Aim of the exercise =
Although the records contain pictures, only their text should be repeated, exactly as it stands.
- - - -
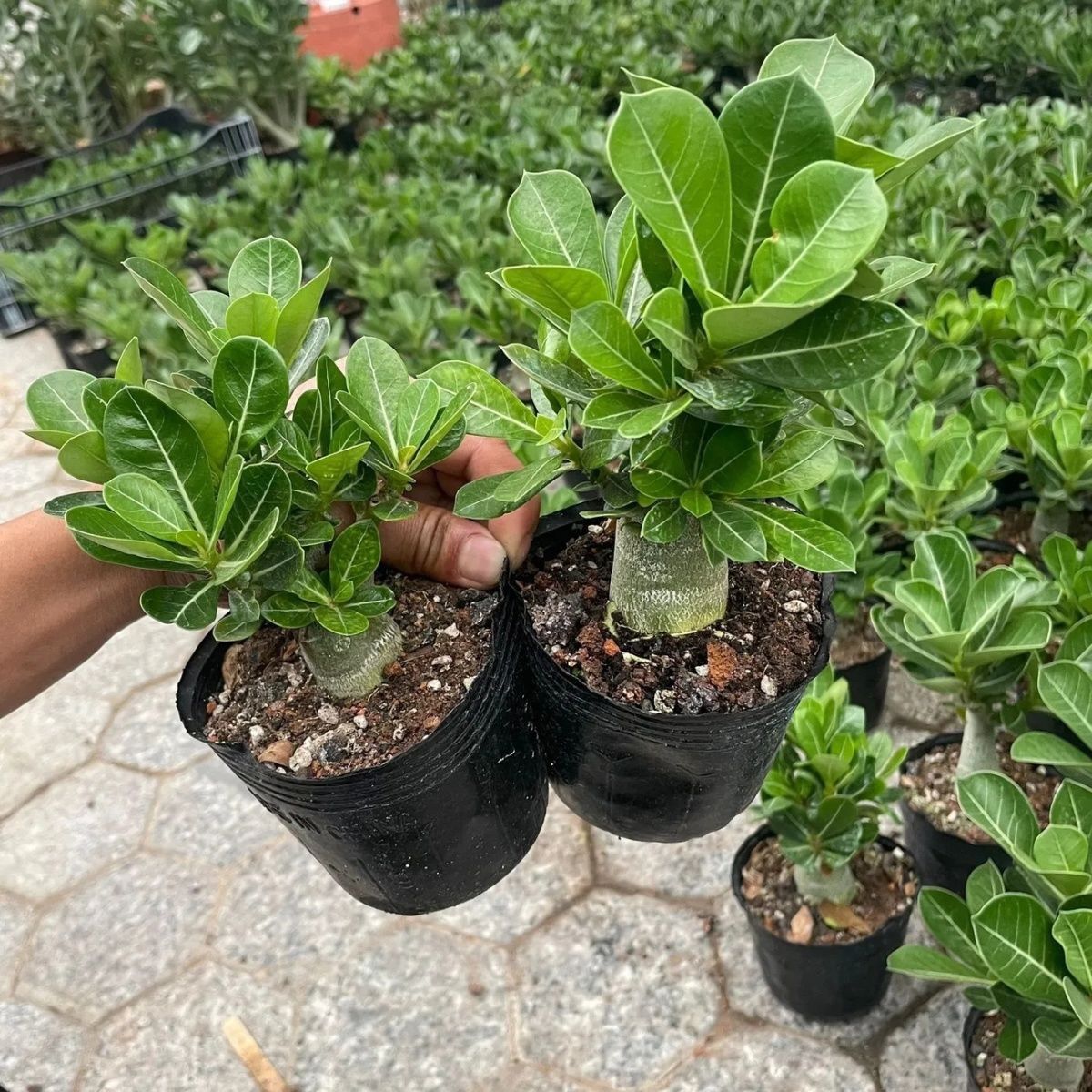 沙漠玫瑰盆栽重瓣四季耐旱好养活南北方栽植易成活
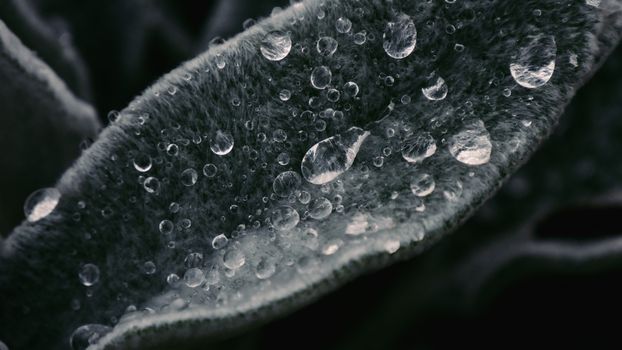 Macro shot showcasing water droplets on a fuzzy leaf, creating a detailed texture.. pexels, macro, shot
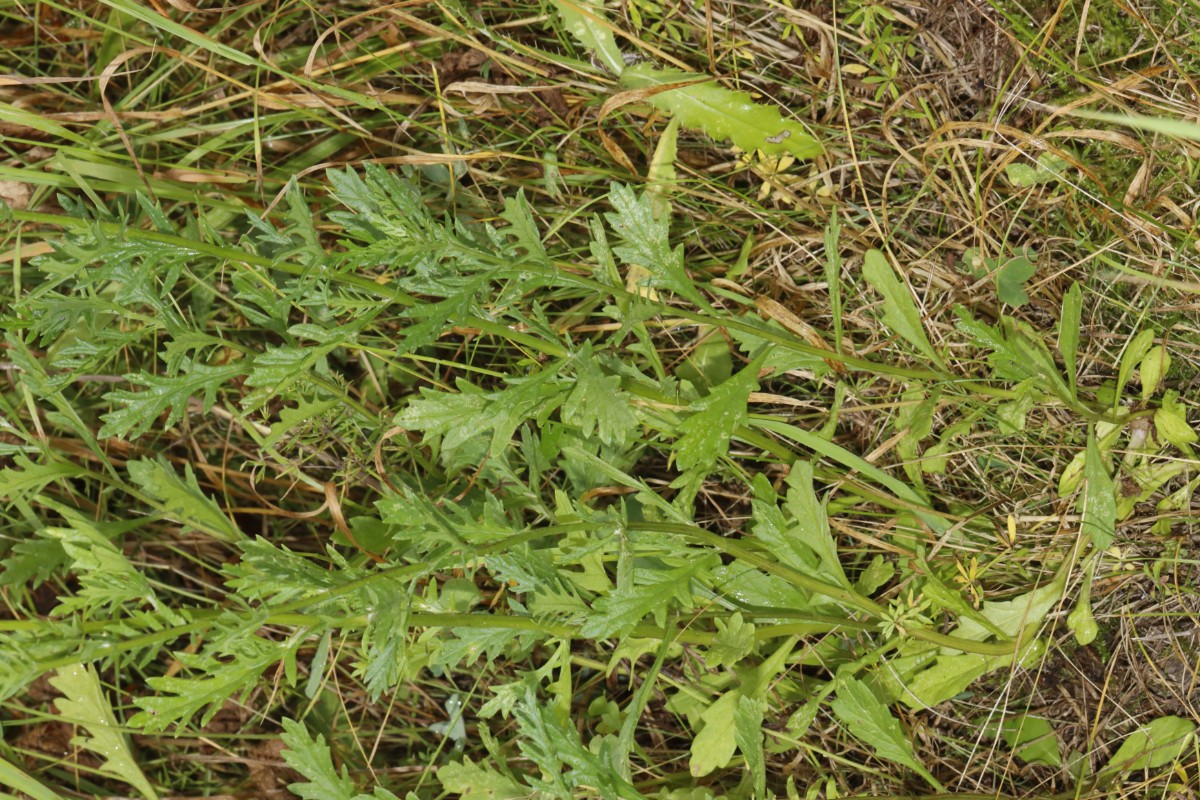 Senecio aquaticus Oggersheim S BGE Klinik A4.jpg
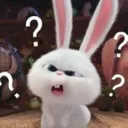 bunnyhuh bunnyhuh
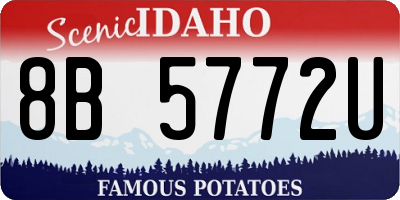 ID license plate 8B5772U
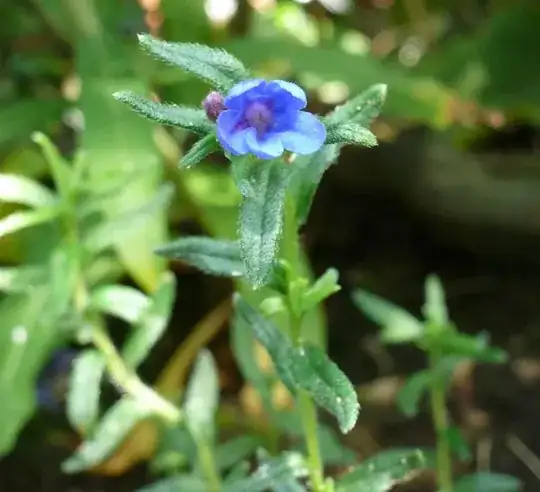 - small blue flower of unknown bushy plant -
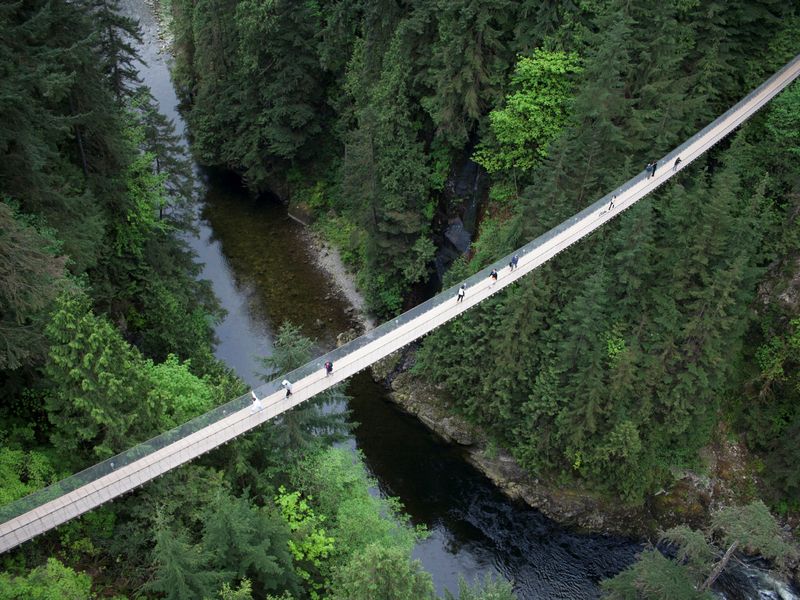 Capilano Suspension Bridge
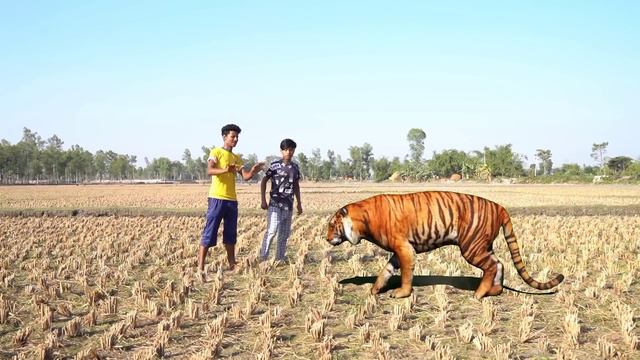 Tui Tui Funny Video 😆tui tui funny challenging comedy video 😆tui tui Funny💪tui tui new video Part-3 смотреть онлайн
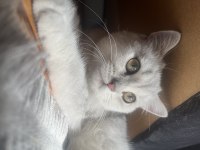 SİLVER shaded british shorthair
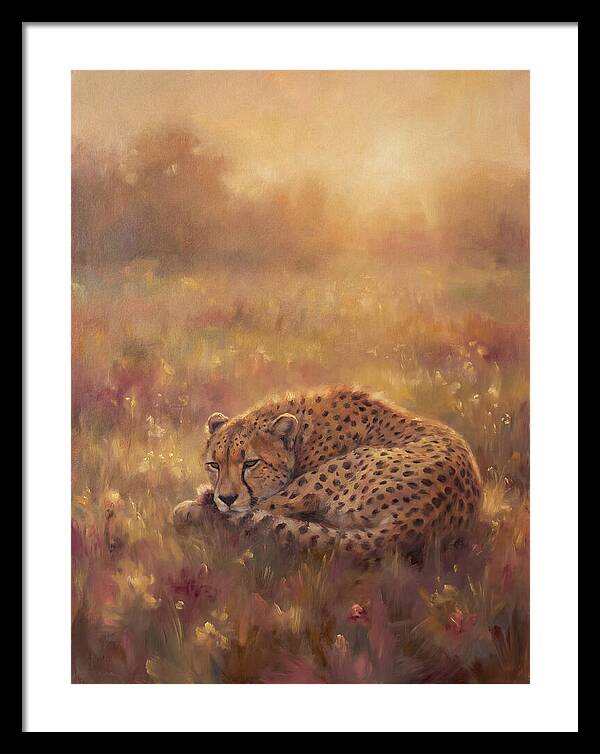 Cheetah Resting In Field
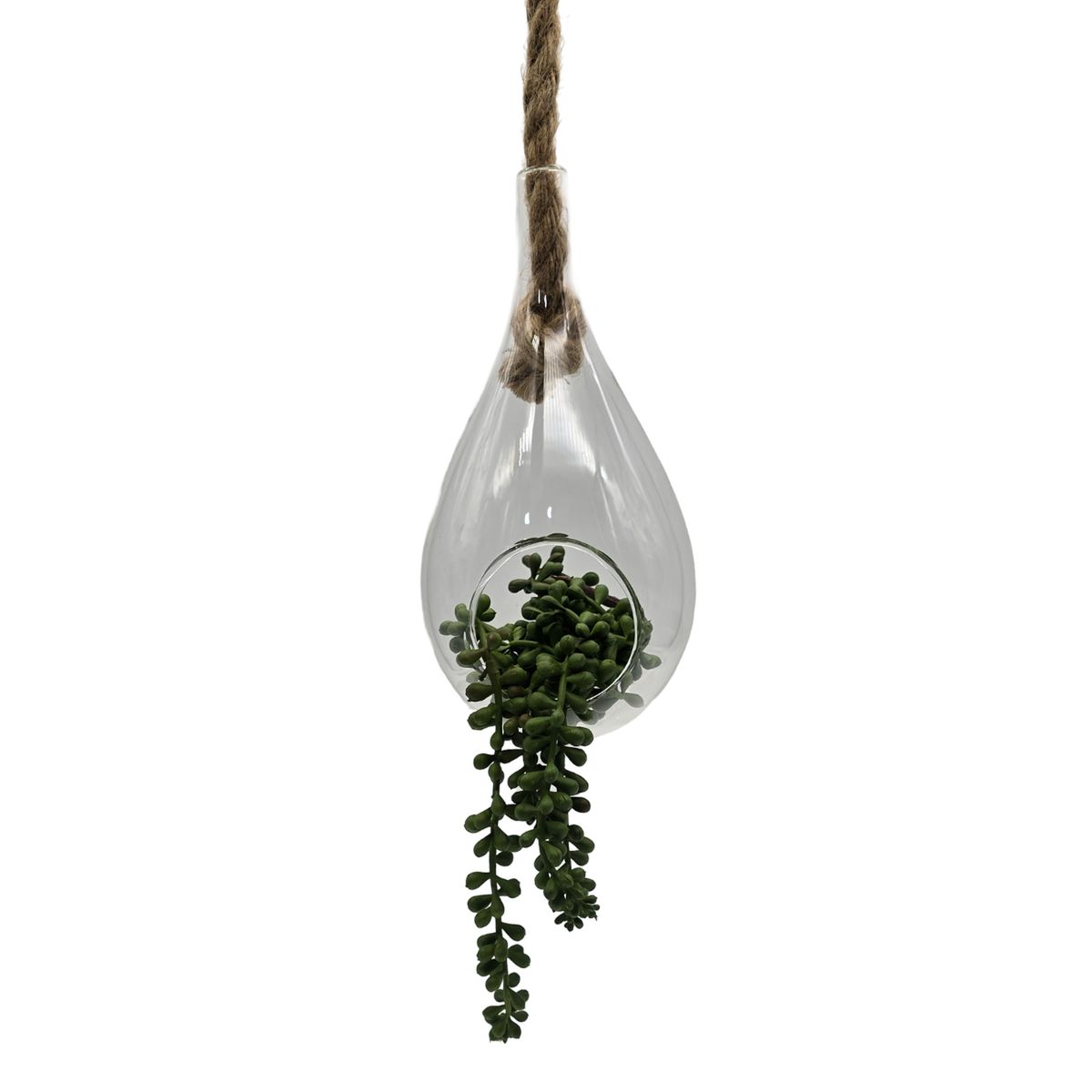 GENERICO - Terrario Colgante De Vidrio En Forma De Gota Para Plantas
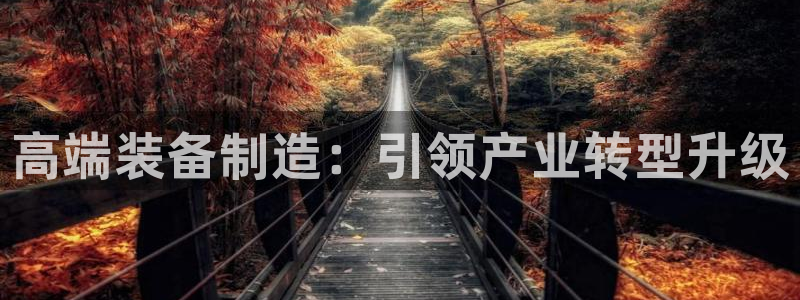 彩神广告有限公司：高端装备制造：引领产业转型升级
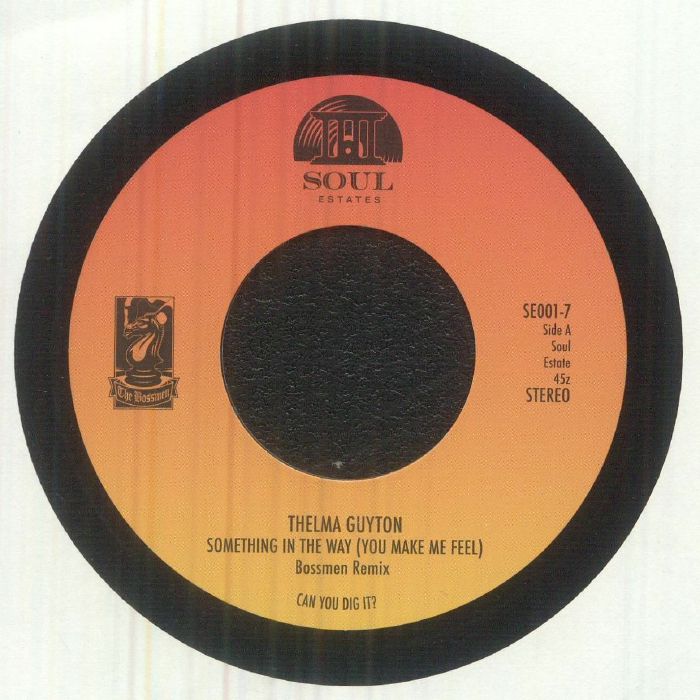 Something In The Way (You Make Me Feel) - Black Vinyl Single vinyl record cover
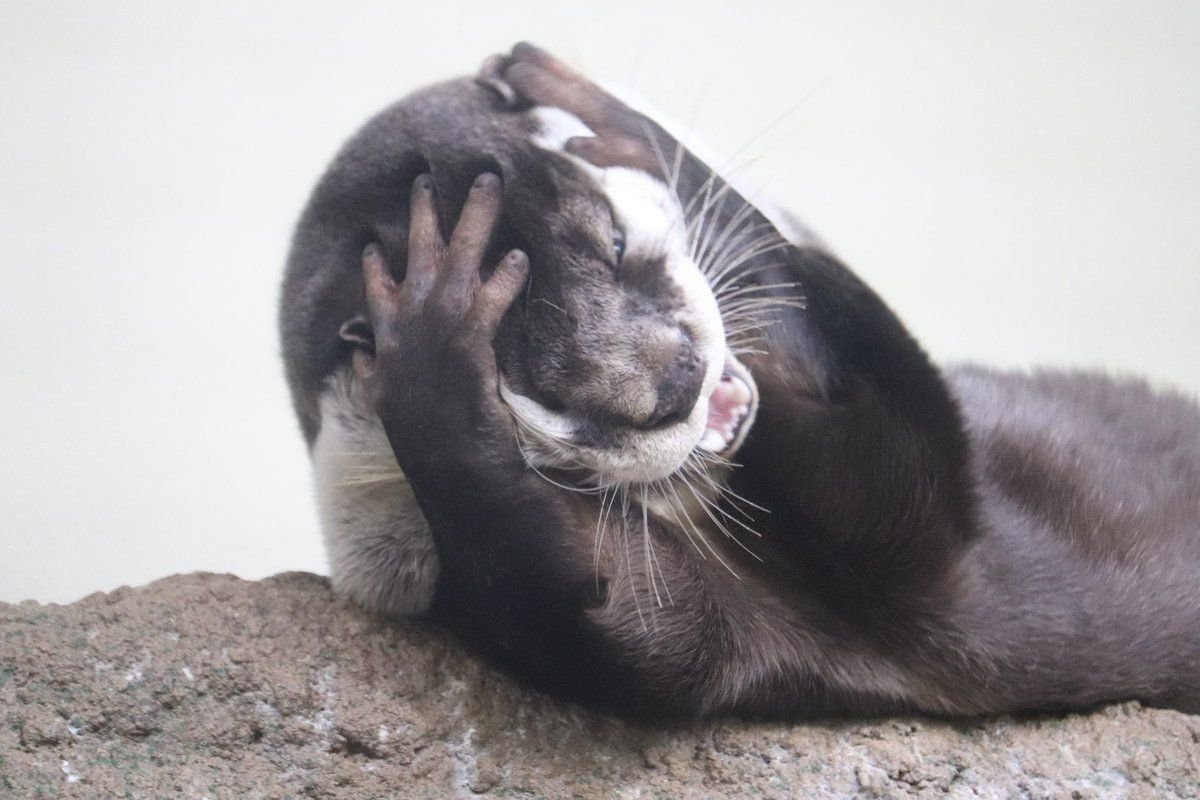 Морской Бобр калан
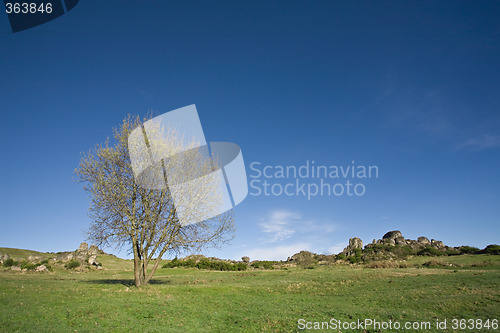 Image of Lonely Tree on Countryside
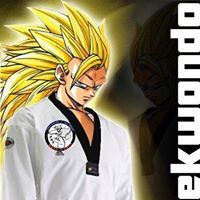 Raymond Perron Photo 14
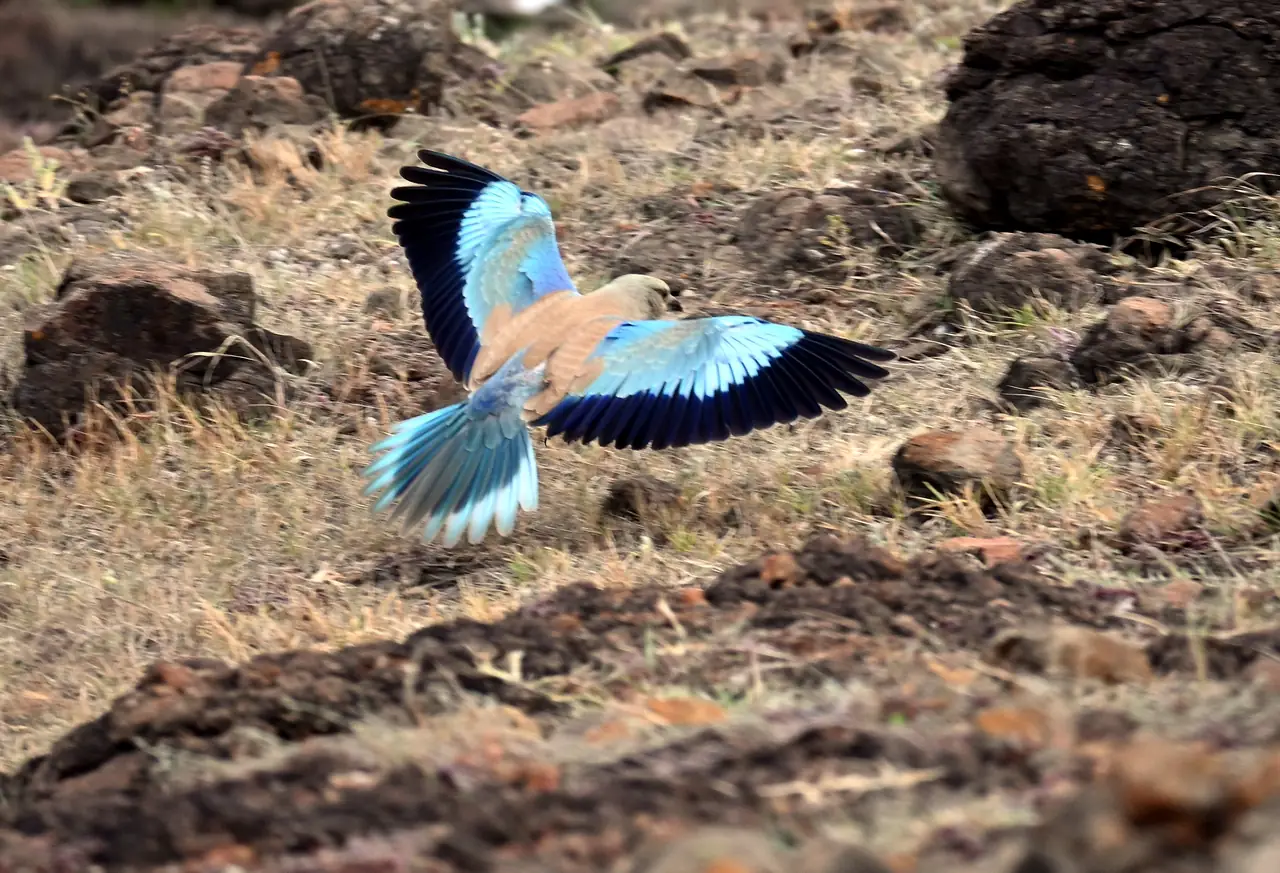 Blue roller spreading its wings above rocky ground at Kadbanwadi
- - - -
Task answer =
 沙漠玫瑰盆栽重瓣四季耐旱好养活南北方栽植易成活
 Macro shot showcasing water droplets on a fuzzy leaf, creating a detailed texture.. pexels, macro, shot
 Senecio aquaticus Oggersheim S BGE Klinik A4.jpg
 bunnyhuh bunnyhuh
 ID license plate 8B5772U
 - small blue flower of unknown bushy plant -
 Capilano Suspension Bridge
 Tui Tui Funny Video 😆tui tui funny challenging comedy video 😆tui tui Funny💪tui tui new video Part-3 смотреть онлайн
 SİLVER shaded british shorthair
 Cheetah Resting In Field
 GENERICO - Terrario Colgante De Vidrio En Forma De Gota Para Plantas
 彩神广告有限公司：高端装备制造：引领产业转型升级
 Something In The Way (You Make Me Feel) - Black Vinyl Single vinyl record cover
 Морской Бобр калан
 Image of Lonely Tree on Countryside
 Raymond Perron Photo 14
 Blue roller spreading its wings above rocky ground at Kadbanwadi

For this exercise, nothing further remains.